## Your objective
The response should consist only of the lines from the one with "Solid Color 3D" to the end of the data below, copied exactly and without pictures.
····················
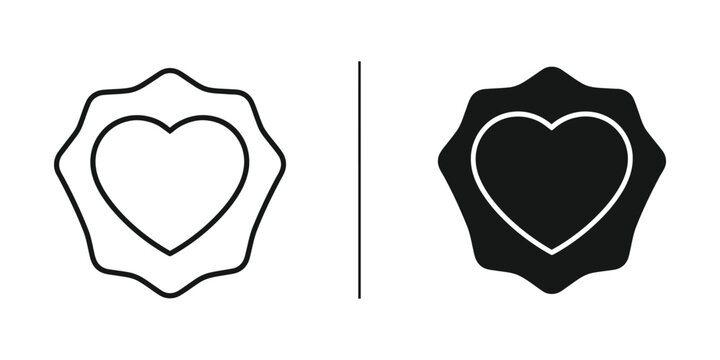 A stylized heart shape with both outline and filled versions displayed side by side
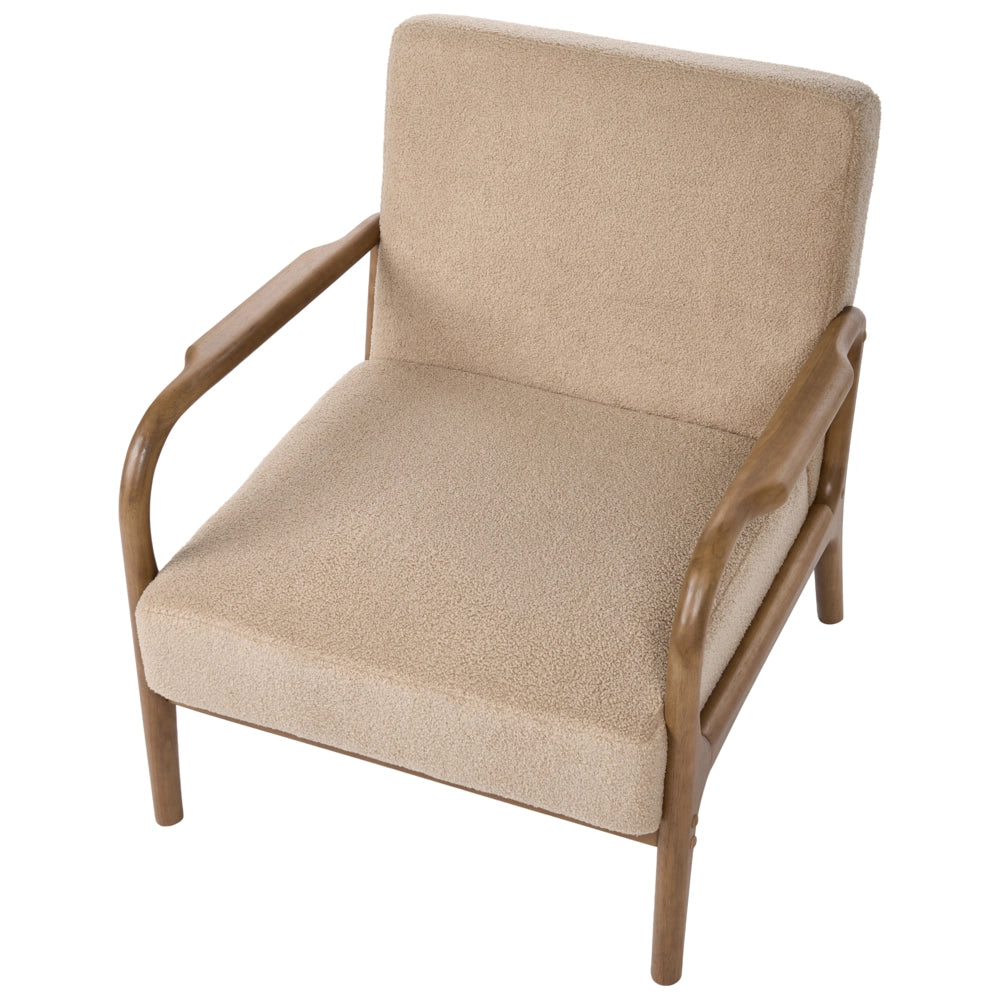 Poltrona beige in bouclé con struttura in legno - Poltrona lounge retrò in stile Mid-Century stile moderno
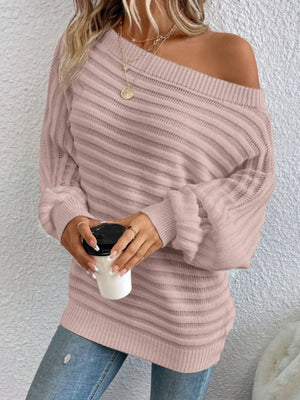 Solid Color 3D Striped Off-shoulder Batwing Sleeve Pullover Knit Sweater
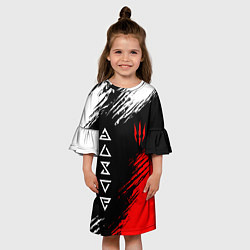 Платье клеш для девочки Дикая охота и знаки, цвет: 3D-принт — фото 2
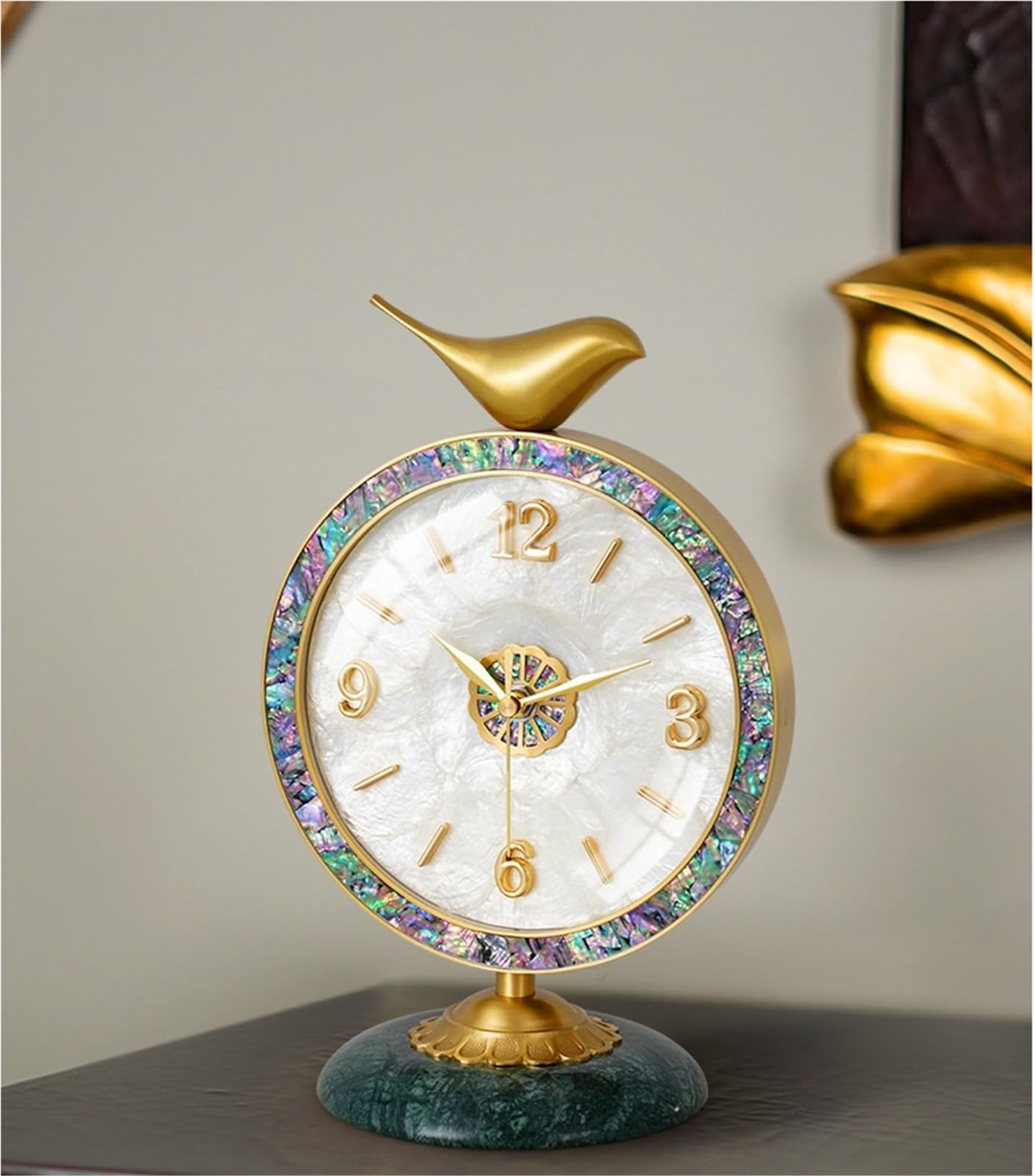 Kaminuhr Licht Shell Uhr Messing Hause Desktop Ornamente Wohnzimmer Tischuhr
····················
## Answer to this problem
 Solid Color 3D Striped Off-shoulder Batwing Sleeve Pullover Knit Sweater
 Платье клеш для девочки Дикая охота и знаки, цвет: 3D-принт — фото 2
 Kaminuhr Licht Shell Uhr Messing Hause Desktop Ornamente Wohnzimmer Tischuhr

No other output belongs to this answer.